* Data:
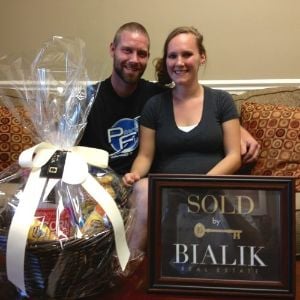 Michael and Jenifer celebrate their closing with a gift basket and Bialik Real Estate sold sign.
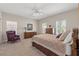 Well-lit bedroom features carpeted floors, a ceiling fan, and lots of natural light at 7411 Brittlethorne Ave, Las Vegas, NV 89131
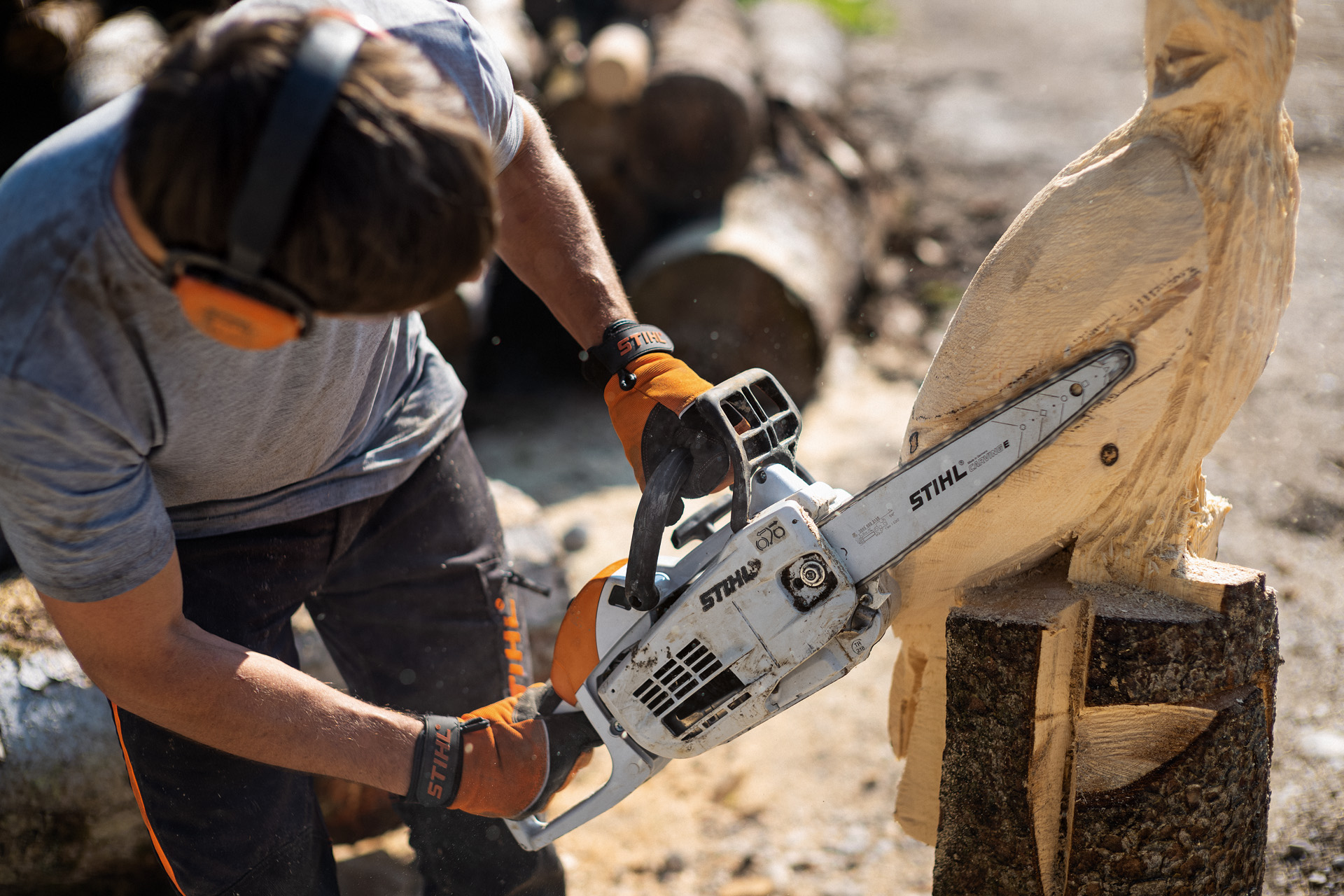 A man carving an owl with a STIHL chainsaw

* What to work on: Reproduce the data above word for word from its first line through the line that holds "Well-lit bedroom features", both ends included; skip pictures.

* Reply:
 Michael and Jenifer celebrate their closing with a gift basket and Bialik Real Estate sold sign.
 Well-lit bedroom features carpeted floors, a ceiling fan, and lots of natural light at 7411 Brittlethorne Ave, Las Vegas, NV 89131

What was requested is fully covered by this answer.